O episódio ainda foi amplamente debatido nos anos 90, quando foi debatido e investigado o papel da Suíça na Segunda Guerra Mundial pela comissão Bergier, formada de historiadores. Até a divulgação do relatório Bergier, predominava a imagem da Suíça humanitária.

“A referência atual à tradição humanitária indica que o relatório Bergier não é suficientemente conhecido da opinião pública”, observa a historiadora Nelly Valsangiacomo, da Universidade de Lausanne.

Solidariedade de opinião

Mas como explicar a persistência do discurso sobre a “tradição Humanitária” e sua impermeabilidade à crítica histórica? A resposta está ligada provavelmente à origem do Estado federal moderno, com os mitos fundadores da identidade nacional helvética.
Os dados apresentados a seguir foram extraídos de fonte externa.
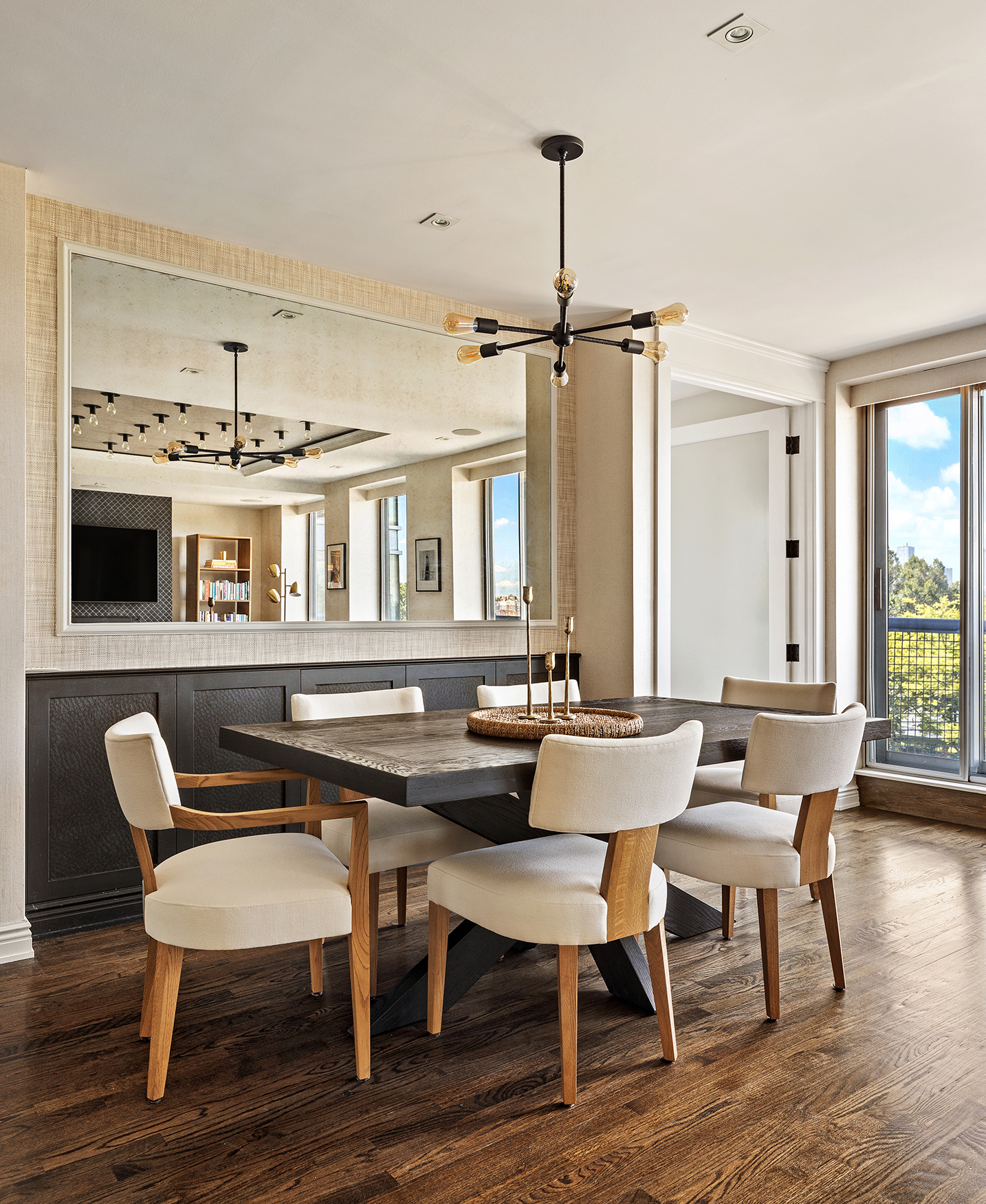 167 Perry Street, Unit 4NQ Manhattan, NY 10014 - Photo 4 of 20 a view of a dining room with furniture window and wooden floor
Como todos os mitos, o da “tradição humanitária” também tem raízes históricas inegáveis. Por sua posição geográfica e por sua multiplicidade social e cultural, a Suíça durante séculos serviu de refúgio para refugiados de várias origens, de huguenotes e valdenses no século no século XVII aos republicanos italianos e os liberais alemães no século XVIII.
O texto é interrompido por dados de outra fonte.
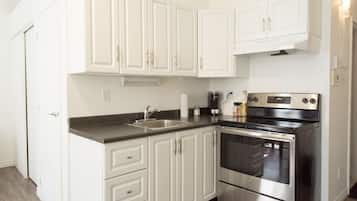 Microwave, coffee/tea maker, toaster, cookware/dishes/utensils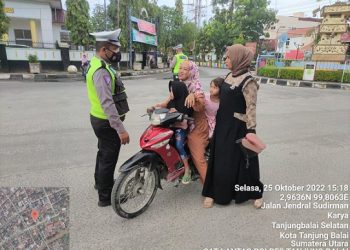 Personil Sat Lantas menegur warga yang tidak memakai helm
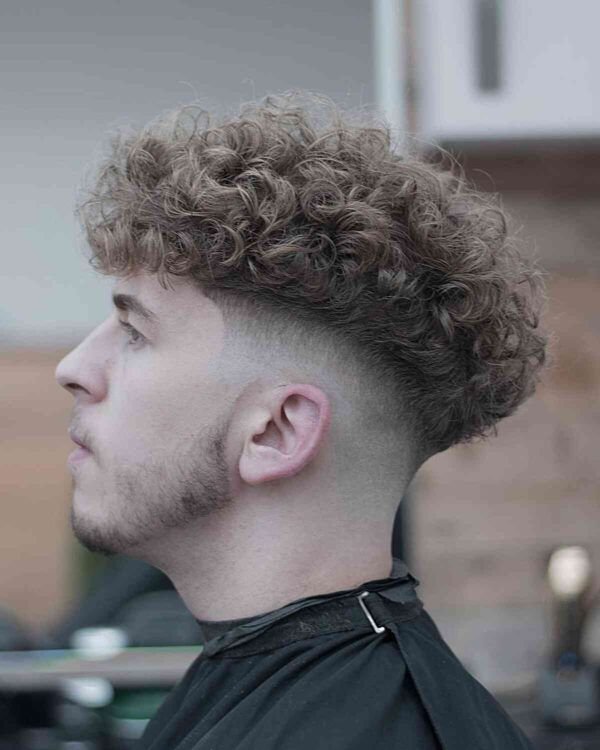 Loose, Flowing Parted Curls With Taper Fade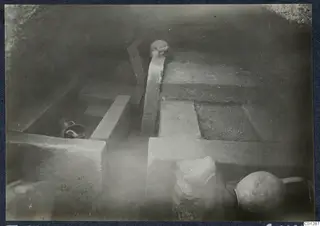 Tomb 53 at Marion during excavation, showing rock-cut ledges with pottery vessels in place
Porém, na realidade, como afirmou o historiador Georg Kreis, a “tradição do asilo” resultou da soma de ações em favor de uma categoria particular de refugiados, de uma “solidariedade de opinião” com um grupo cultural afim e não de um ideal universal.

Não foi por acaso que, já no século XIX, a Suíça foi reticente em conceder asil aos líderes do movimento operário. Depois, em 1945, acolheu de braços abertos os húngaros e checoslovacos em fuga do regime comunista e foi muito reservada novamente com as vítimas das ditaduras na América Latina.

No entanto, a idéia de uma “missão histórica” no acolho aos refugiados propiciou à Suíça um instrumento positivo de legitimação nacional através do princípio de neutralidade. A partir da suposta tradição de asilo, analisava Kreis, foi possível “construir uma ideologia – sob rótulo humanitário – e ter um desempenho político, um objetivo da exitência da nação”.

Valores identitários

O ressurgimento atual da expressão “tradição humanitária” indica evidentemente a vontade de confundir os adversários da lei do asilo, impedindo que reivindiquem para si o respeito dos valores identitários fundamentais.

Porém, como instrumento de orientação da cena política, referir-se à “tradição humanitária” não tem qualquer utilidade porque a expressão não tem conteúdo concreto. O risco portanto é perder de vista novamente a realidade histórica.

“Melhor seria referir-se diretamente aos direitos humanos de maneira concreta”, observa Nelly Valsangiacomo. “Porque a Suíça teria uma tradição humanitária distinta dos direitos humanos?”.

swissinfo, Andrea Tognina

Para o jovem Estado Federal criado na Constituição de 1848, oferecer asilo representava a possibilidade de manifestar no estrangeiro sua própria independência.

“Um dos mais preciosos direitos de soberania é o direito de asilo”, afirmava em 1888 o conselheiro federal (ministro) Numa Droz. Na concepção jurídica da época, o direito de asilo era um direito do Estado e não um direito individual. “Nós não esperamos de modo algum que um estrangeiro peça direito de asilo”, esclarecia em 1849 o conselheiro federal Jonas Furrer.

Até hoje a Constituição federal suíça não fala em direito individual de asilo, mesmo se está inscrito o princípio de “não rejeição” (art. 25: “Os refugiados não podem ser extraditados para um Estado onde é perseguido”), conforme ao direito internacional.

Outras constituições, fundadas na experiência do fascismo e da guerra, prevêm um direito individual de asilo. É o caso da Constituição italiana (art.10) e da Constitutição alemã (art.16).